Dimanche dernier, jour de Fête nationale, le prince Philippe prêtait serment et devenait roi. Alors que pour ses deux prédécesseurs, les prestations de serment avaient été entachées par un "Vive la République !", crié à chaque fois par un député (Julien Lahaut pour Baudouin et Jean-Pierre Van Rossem pour Albert), celle de Philippe a été beaucoup plus calme. Mais la journée ne faisait que commencer et c’est lorsqu’il s’est rendu à la Colonne du Congrès pour rendre hommage au soldat inconnu que le nouveau roi Philippe a eu droit à son "Vive la République !". Cette fois pas de député, juste un quidam présent dans la foule. Ce cri a été directement suivi de huées de la part du public et de "Vive le roi !", "Vive la Belgique !". Tout aussi rapide que la réponse du public, celle de la police.

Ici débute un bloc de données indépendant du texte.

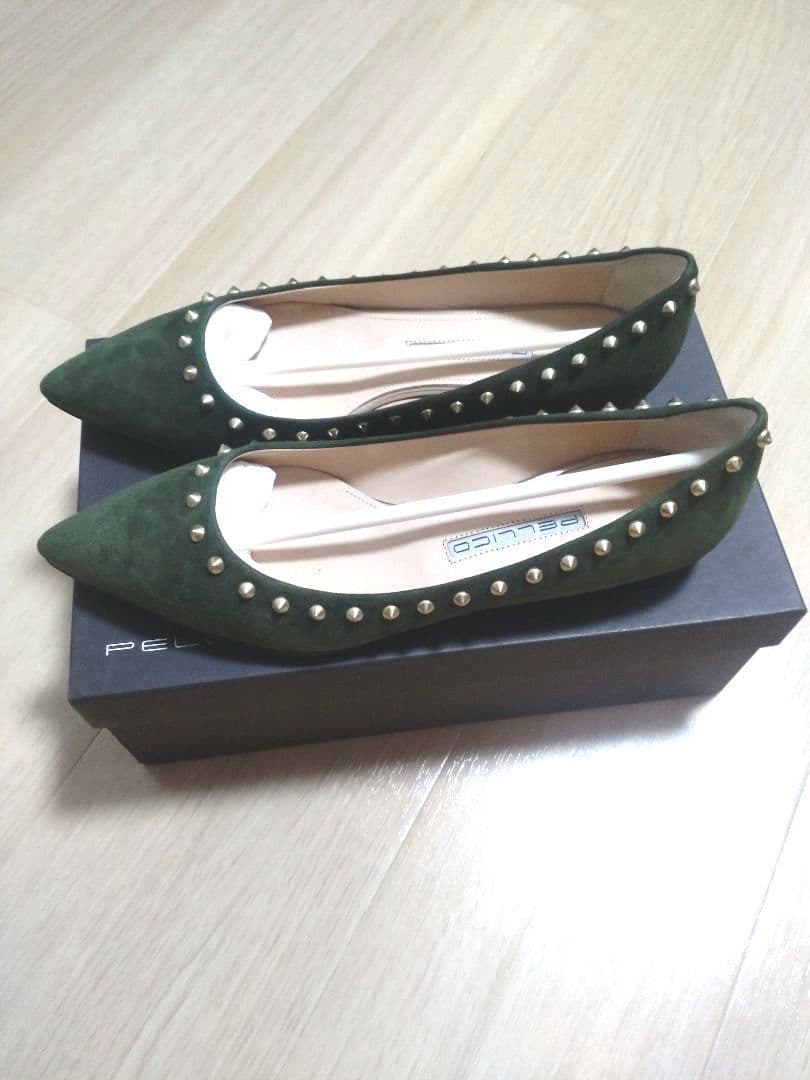 PELLICO スエード ポインテッドトゥパンプス　オリーブグリーン38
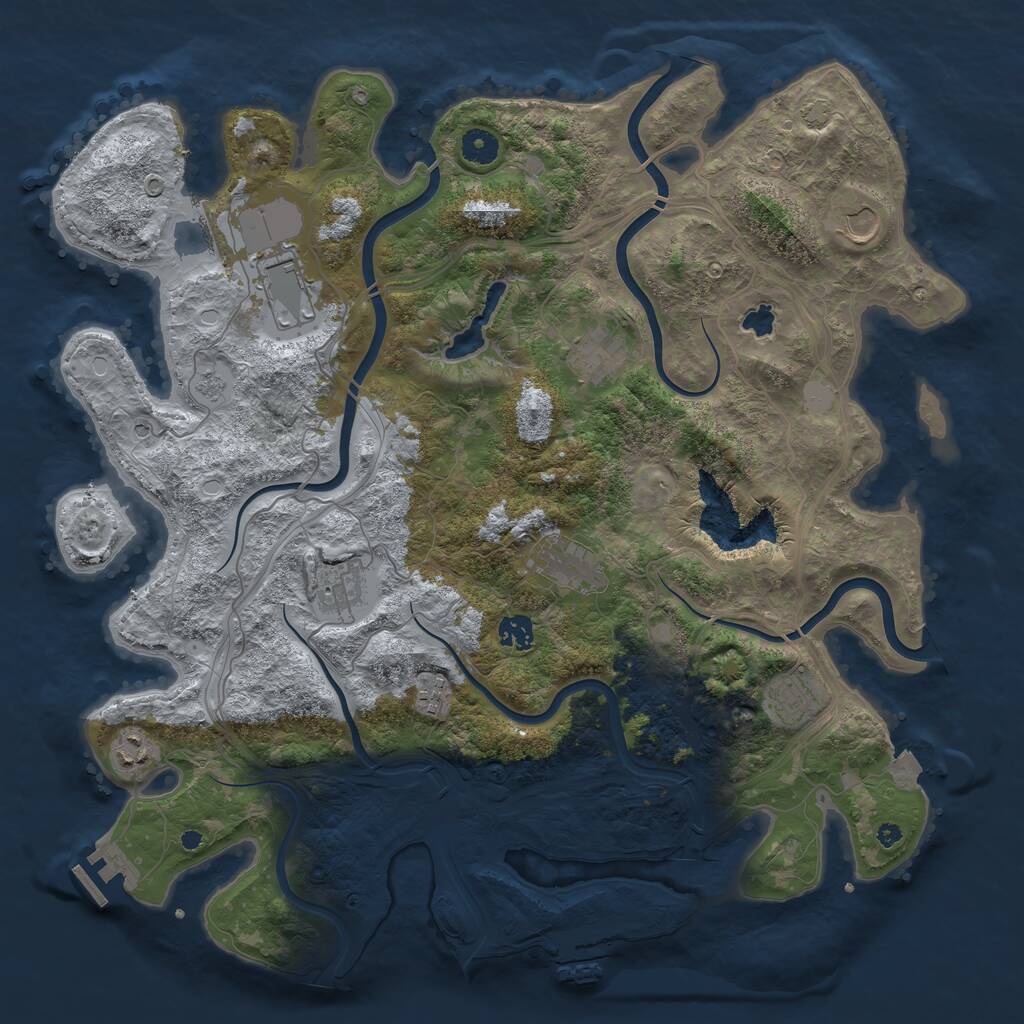 Rust Map: Procedural Map, Size: 4250, Seed: 1076358836, 15 Monuments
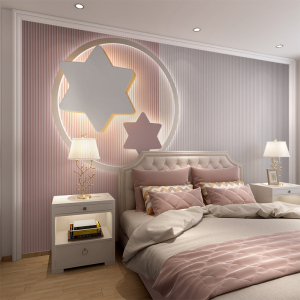 房壁布轻奢简约粉色竖条纹墙纸卧室壁纸女孩男孩床头墙布45人付款28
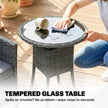 Outsunny Rattan Bistro Set, Reclining Garden Chairs and Glass Coffee Table with Cushions for Patio Balcony Porch, Grey – view 8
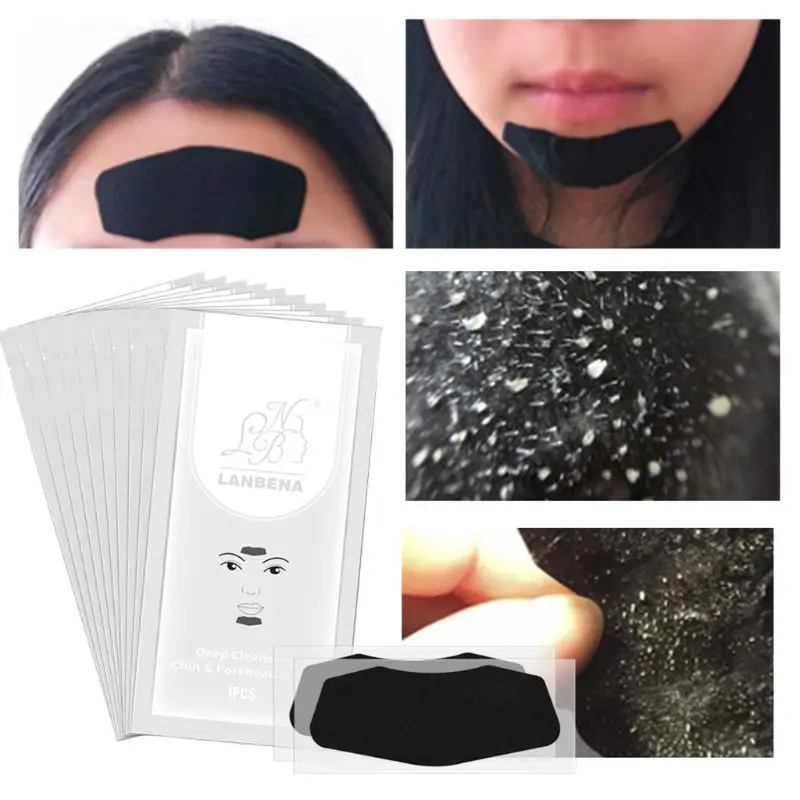 10Pcs Forehead Chin Peeling Mask Bamboo Charcoal Blackhead Remover Oil Control Deep Cleansing Strips Acne Treatment Skin Care | Красота и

L’homme, P.L., s’est confié sur le blog de Marce Sel. Il y livre le récit de sa journée et comment lui est venue l’idée de lancer ce cri.
"Je n'étais pas encore certain d'y arriver"
P.L. raconte que ce cri vient d’une promesse faite à deux amis. En se rendant à Bruxelles, il ne savait pas encore s’il serait capable de lancer ce cri, mais divers événements et rencontres au cours de la journée l’ont convaincu. "Je suis sorti de la Gare Centrale pour aller au Parvis Saint-Michel, le Te Deum était terminé. J'ai bavardé avec des journalistes en camionnette, pour savoir quand aurait lieu l'hommage à la Colonne du Congrès. On a évoqué l'accessibilité du public, ils ont remarqué les livres que j’avais à la main, qui venaient de Tournai. L'un d'eux a dit qu'en France, au moins, on pouvait choisir son chef de l'État. Ça m’a réconforté, même si les autres journalistes se sont raidis. Je n'étais pas encore certain d'y arriver."
"J'ai vu rouge"
P.L. poursuit son parcours et c’est dans le parc qu’il prend sa décision: "Après avoir lu Le Soir, un peu avant 13 heures, qui était offert gracieusement. J'ai vu rouge. Parce qu’on y voyait l'hémicycle, et qu’on y indiquait la place qu'occuperait Barroso, la place qu'occuperait Monseigneur Léonard. Je savais que le public n’avait pas accès à la Chambre pour le Serment. Bien sûr, je comprenais qu’il n’y avait pas de place pour la population dans le Palais de la Nation, mais ce qui m’a outré, c’était de constater que ce mot, Nation était un concept asymétrique en Belgique. Parce que Barroso n'en fait pas partie, et les dignitaires catholiques encore moins. Y avait-il un dignitaire musulman, un laïc, un protestant, un athée ?"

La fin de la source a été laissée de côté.